The sounds were emanating from Kate’s tiny body, parked high up on one of the stools at the kitchen island. She’d been noshing on hommus and baby carrots.

After the second it took to locate the source of pre-vomit gagging noises, Dave and I lunged across the room and looked down upon Kate with a mixture of horror and parental concern. I wanted to pick her up and hold her but simultaneously felt a wave of disgust for what was about to happen. A quick glance at Dave’s face told me I wasn’t alone. The grimace he was wearing made his feelings completely obvious. A strange mixture of oh, my poor little girl…oh, God this is going to be so nasty. He stooped and cupped his hand under her chin just as the carrots and hommus reappeared. With Jedi-like precision, he caught and held onto the contents of Kate’s stomach.

Again, I just stood by like a useless lump and watched in horror. Of course, at times I interjected with what I imagined were motherly sounding sentiments. “Oh, you poor little baby,” and “Jesus, how the hell does a kid that size have so much in her stomach?!”

I’m a good mother. Right?

Dave took the other two kids off to a birthday party and I stayed home with my little puking princess. We cuddled together on a bed swathed in giant beach towels and watched Calliou. I hugged her and tried to ignore the pungent odor wafting from her hair. She sucked her fingers and barfed for a few hours before falling asleep.

Before we knew it, Tuesday came. And so did Dave’s bout with the bug.

Then along came Wednesday and in the last minutes of the day – the very seconds before the midnight hour – Gwen came in and stood at my beside complaining that her tummy hurt. As she made this declaration and her lip quivered, the purple colored fruit roll-up she snacked on after dinner introduced itself to my bed. With a change of the sheets, clothes and the procurement of the barf bucket (master bath garbage can) Gwen spent the next four hours barfing while I held her hair.

To keep myself awake, I spent hours on Pinterest. While Gwen puked I pinned recipe upon recipe and got hungrier and hungrier.

And now I know. I know there’s something wrong with me.

I have a strong stomach. Back in my law firm days, I was privy to some highly gory photographs courtesy of personal injury cases and medical malpractice claims. I was the person who was able to look through and document a set of photos while launching into a chicken sandwich. When the others whined about nausea after viewing  appendages that had been launched through a wood chipper, I was able to nosh on a slice of New York’s best pizza pie.

So, it was nearing 4:00 a.m., Gwen was reduced to dry heaves and I was drooling over someone’s recently pinned buffalo chicken pasta when I heard Joe’s feet hit the floor.
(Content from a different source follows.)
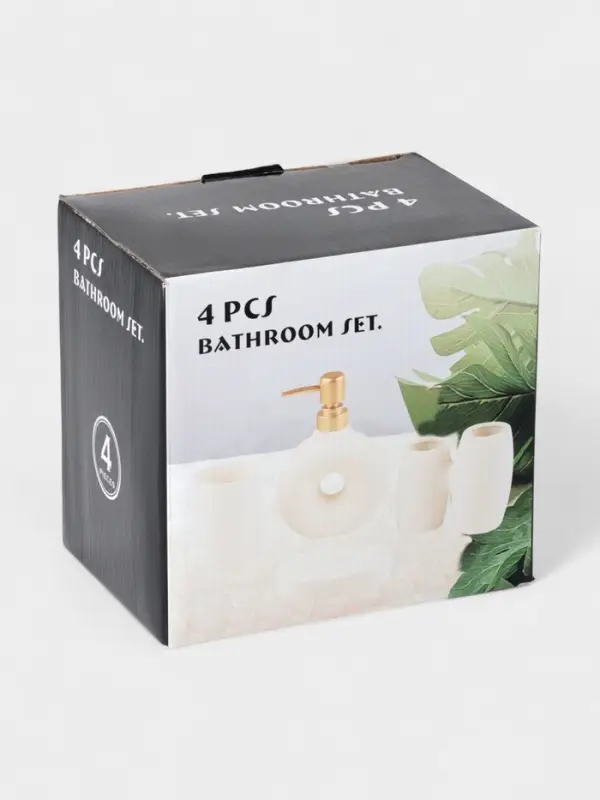 Набор аксессуаров для ванной «Рассвет», 4 предмета, мыльница, дозатор для мыла, 2 стакана, белый Набор аксессуаров для ванной «Рассвет», 4 предмета, мыльница, дозатор для мыла, 2 стакана, белый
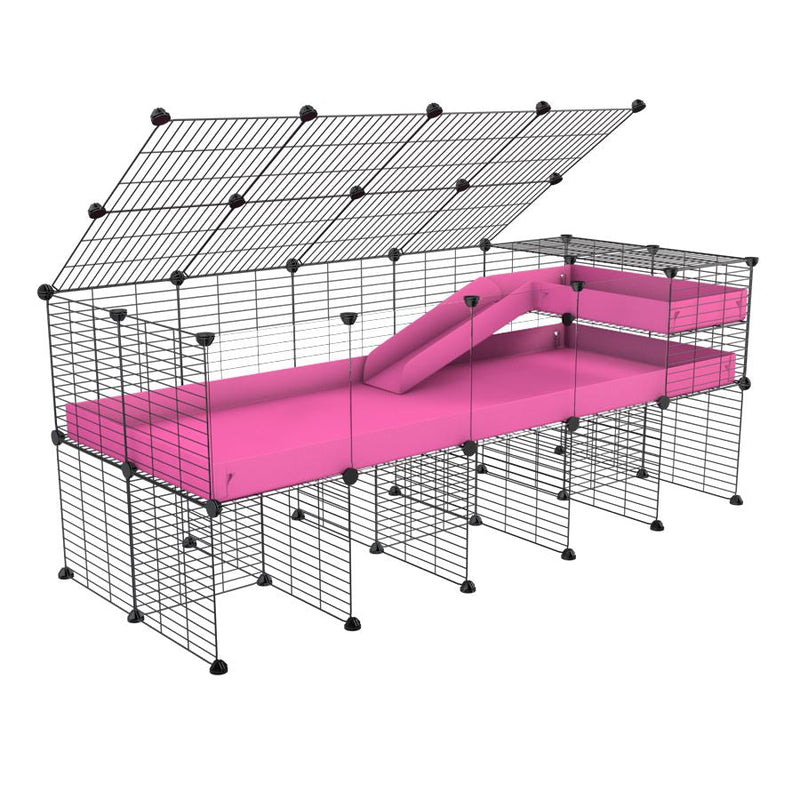 A 2x5 C and C guinea pig cage with clear transparent plexiglass acrylic panels  with stand loft ramp lid small size meshing safe grids pink correx sold in UK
I could tell he was running and then I heard the unmistakable sounds of…well…you know.

Since I was already wide awake and Gwen was winding down, I calmly walked downstairs to fetch another barf bowl then lined Joe’s bed with a beach towel and turned  his area rug back. I climbed in beside him and I was thankful that we bought the bunk bed will a full-sized mattress on bottom. I rubbed his back when needed and continued on my quest for comfort food via iPad and Pinterest.

I was resigned to the fact that I’d be the next person to fall. I’d been breathing the fumes for hours. I’d washed my hands 9,000 times but really, who was I kidding?

Well, it’s 5:51 p.m. on Friday and I have not yet succumbed. In fact, last night I was so famished that I made myself a giant salad and a grilled cheese sandwich with cheddar, tomato and bacon and ate it while my husband looked on in disgust.